Tom was the unanimous choice from more than 80 applicants, Alan said. The new director brings an insider’s view of the performing arts, gleaned from experience as a stage technician, along with marketing and management skills honed at several performing arts companies.

He studied lighting design and stage management at SUNY-Purchase and earned a master’s degree in theater management from the Yale University School of Drama. Most recently he managed the Two River Theater Company in Red Bank.  That was preceded by an eight-year run as executive director of the Carolyn Dorfman Dance Company in Union and stints as managing director of the George Street Playhouse in New Brunswick and the Portland Stage Company in Maine.

Along the way, Tom has taught at the high school and college levels. He also worked for a special-effects company, in the fog machine division. (His biggest customers: Firefighter training facilities and churches. “You couldn’t do a play about Easter without someone rising to heaven in a cloud of fog,” he recounted.)

Having a performing arts background might not seem like a plus at an organization that focuses intently on painters and sculptors. Yet that’s precisely what excited the Arts Council board, said Alan Levitan.

“He gets what we do,” said Alan, former president and CEO of the Kings supermarket chain. “He will bring a whole new measure of energy and perspective to the job because he hasn’t done it before.”

“I see my role as a facilitator and connector,” said Tom, citing his collaborations with performers, patrons and stage crews. “I think I will be strong at bringing key parts of the community around the idea of supporting the arts.”

He said he looks forward to exploring all of Morris County while continuing efforts to make Morristown an arts destination.
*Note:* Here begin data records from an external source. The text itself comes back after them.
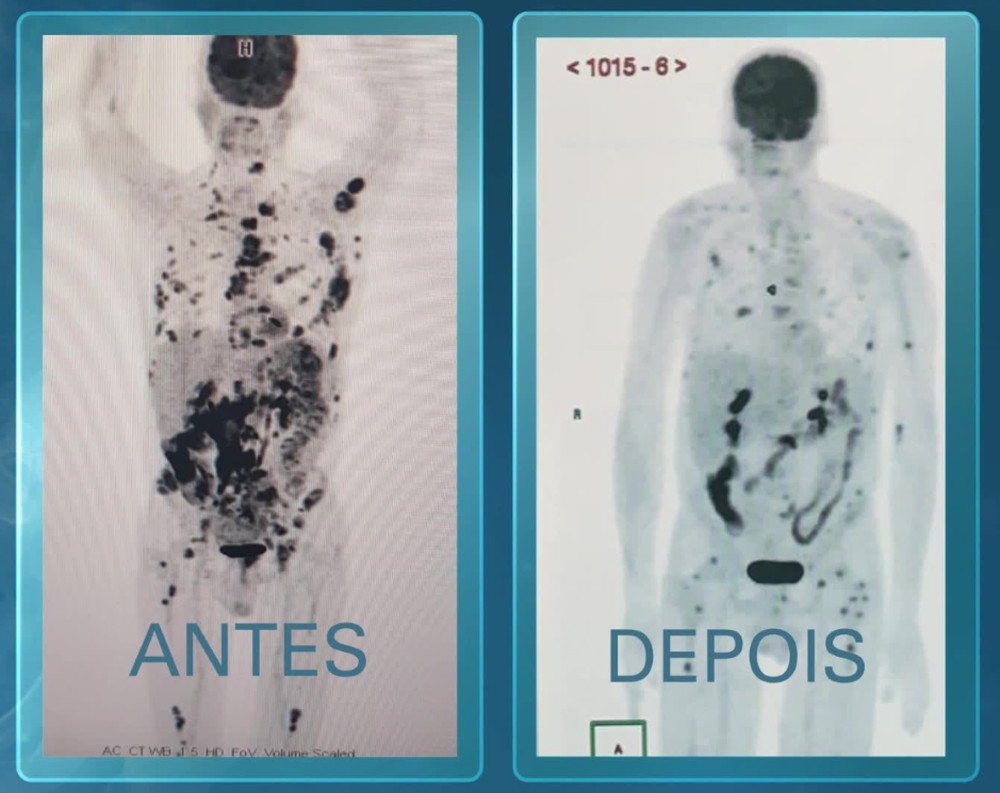 Imagens mostram regressão de câncer em paciente terminal após tratamento pioneiro na América Latina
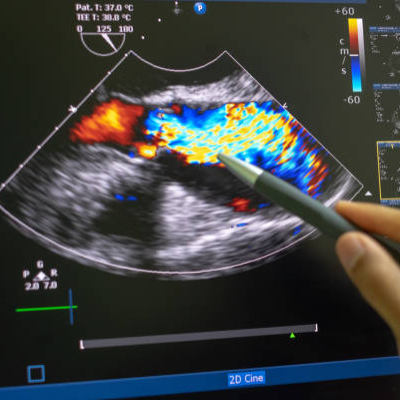 Diploma in Echocardiography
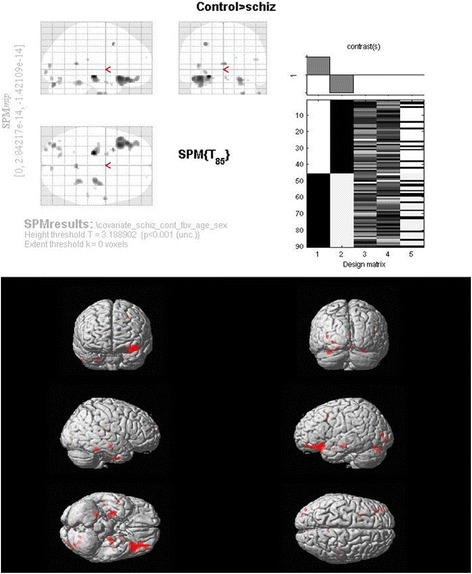 A systematic examination of brain volumetric abnormalities in recent-onset schizophrenia using voxel-based, surface-based and region-of-interest-based morphometric analyses.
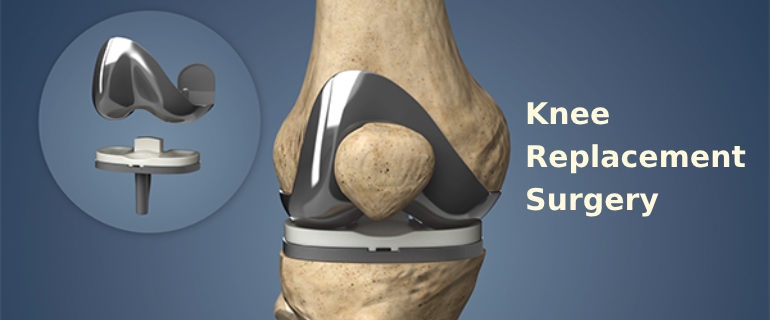 Knee Replacement Surgery
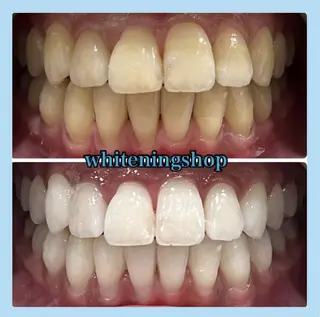 ホワイトニング ショップ千葉店のその他イメージ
For him, the arts are about epiphanies.

“We all can think back to some transformative moment: Hearing an orchestra play, hearing choral music sung, seeing our first play, being on the edge of our seat, how our mouth would drop open, being amazed at how we were touched. The arts touch something we can’t express any other way. They are a way to share complicated feelings and interpret important moments in our lives, helping us to think differently about the world,” he said.

His aha! moment was seeing Godspell on Broadway as a child. That led to schoolboy star turns as Henry Higgins and Oliver Twist and Dr. Doolittle.

But nightmares about forgetting his lines convinced him to facilitate from the wings, as a stagehand.

“I realized how hard and scary it was to perform in front of an audience,” he said.

STORM CHASING AND PASO DOBLES

Tom and his wife, Hilda Cashman, who works at the University of Medicine and Dentistry of New Jersey, live in East Brunswick with their 14-year-old son, Aidan. Their oldest son, Alex, is a freshman at Kalamazoo College, where he sings in the choir.

Growing up, Tom played the cello. Nowadays his artistic impulses are channeled into photography and cooking. He’s also an avid skier and kayaker, and a weather junkie who fancies being a storm chaser in his next life.

He acknowledges how the internet and reality TV are churning up some turbulence in art circles, blurring the line between amateurs and professionals. Anyone can sing and dance before an audience of millions with a viral video on YouTube or an appearance on So You Think You Can Dance.

Tom welcomes such changes. Thanks to the dance show, he said, his son had a dance vocabulary by age 7. “He knows a paso doble from a waltz. That’s not a bad thing.”

Locally, he contends, people are feeling more comfortable about making art.

“It doesn’t seem so scary for adults. That’s something we promote at the Arts Council.”